On re-reading Clause IV of the Labour Party constitution, I feel much the same. It proclaims the party's aim as:
"To secure for the workers by hand or by brain the full fruits of their industry, and the most equitable distribution thereof that may be possible, upon the basis of the common ownership of the means of production, distribution and exchange, and the best obtainable system of popular administration and control of each industry and service."
It became part of the constitution in 1918. It was written by Sidney Webb, assisted by Arthur Henderson. It was intended to appeal, not to the trade unions or the middle-class intellectuals, but to the lower middle- class element in the party, City clerks and the like, such as Malcolm Muggeridge's father. In 1929 "workers" replaced "producers" and "distribution and exchange" were added. Beatrice Webb had nothing to do with the original or the revised version. In her diary for 30 June 1918 she wrote:
"The Labour conference has come and gone in the full limelight . . . a magnificent staging of the new people's party claiming its right to control international affairs."
There was no mention of Clause IV, which evidently did not preoccupy Mrs Webb. The people who took it up were the Conservatives, particularly after 1945. Labour's nationalisation measures were mostly unpopular. The exception was the National Health Service, which was extremely popular, as it remains. Indeed, if Mr Tony Blair promised to restore it, he would be sure of sweeping the country. But coal, gas, electricity and the railways were differently organised. They were run by bodies known as "Morrisonian public corporations", after Herbert Morrison's London Passenger Transport Board of 1933.
Ministers could lay down broad policy but not, in theory, interfere with day-to-day running. In practice they interfered all the time. They were shy of giving those formal directions for which the nationalisation Acts provided. Instead they preferred to go about their business in a more English manner: through hints, nudges, discreet pressure, occasionally shameless bullying. Invariably interventions were political. At some times, for electoral reasons, prices had to be kept artificially low; at others, under pressure from the Treasury, forced upwards. The electricity industry was used to subsidise coal. Corporations were forced to "buy British" when they did not want to.
It may be that the whole conception of the public corporation was wrong. Aneurin Bevan certainly thought so. He believed that nationalised industries should be run not by a board but by a minister directly responsible to Parliament: in much the same way as, until recently, the Post Office was administered by the Postmaster-General. What is certain is that public corporations were never allowed to operate as had originally been intended.
After 1979 the Conservatives began dismantling them and replacing them with private monopolies. The privatisation pro-gramme, the biggest piece of public plunder since the Dissolution of the Monasteries, came about largely by accident. When it proved popular, Lady Thatcher's governments expanded its scope. Mr John Major's government is doing the same, with its crazed privatisation of British Rail. But we should be clear about the reason why the original privatisations were as well liked as they proved to be.
It had nothing to do with increased competition, for there was none, except in telephones.

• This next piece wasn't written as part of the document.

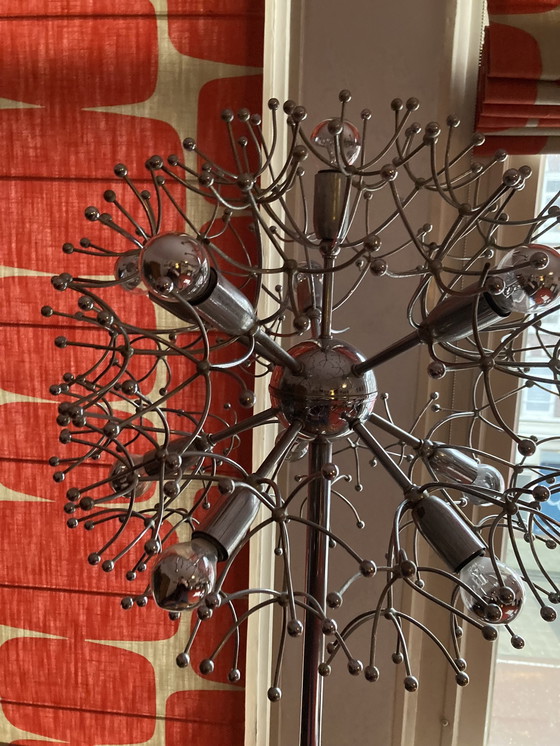 Image 1 of Vintage 60-Er Years Sputnik Steampunk Floor Lamp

Nor was it a consequence of any desire by the populace at large to become shareholders, in the sense of persons owning an appreciating asset over a number of years. It had everything to do with making a quick profit. Conservative governments found themselves in the happy position of being able to give away money. By initially undervaluing the shares, they could guarantee a rapid appreciation and, hence, a secure profit. These sums were usually of the order of a few hundred pounds: not much, but enough to gratify the feckless proletariat who voted so enthusiastically for Lady Thatcher.
Last week it all went wrong. Following a ruling - if ruling it was - by the electricity regulator that prices had to come down, the latest instalment of electricity privatisation proved something of a frost. Share prices went down instead of up. This was never meant to happen. It was not only the greedy Thatcherites who were angry. The big institutions were none too pleased either.
With its unfailing aptitude for grasping the wrong end of any stick that may be lying around, the People's Party took the side of the pension funds and the share-purchasing Thatcherites. Its representative, Dr Jack Cunningham, instead of saying "Serve them right", absurdly accused the Government of "insider trading". At Question Time Mr Blair pursued much the same unprincipled course.
For the real question is not whether a regulator, in this case Professor Stephen Littlechild, spoke out of turn, so lowering the value of shares, and, if he did, what was the state of the Government's knowledge. The question is whether bizarre creatures such as Professor Littlechild - or Dr Ian Byatt with water, Mr Don Cruickshank with telecommunications and Ms Clare Spottiswoode with gas - should exist at all; to say nothing of the "franchisers" who are now laying the railways satisfactorily to waste. Is there not a case, in fact, for turning the clock back, and reverting to some form of public ownership, in which the salaries of figures such as Mr Cedric Brown would be subject to legitimately public scrutiny?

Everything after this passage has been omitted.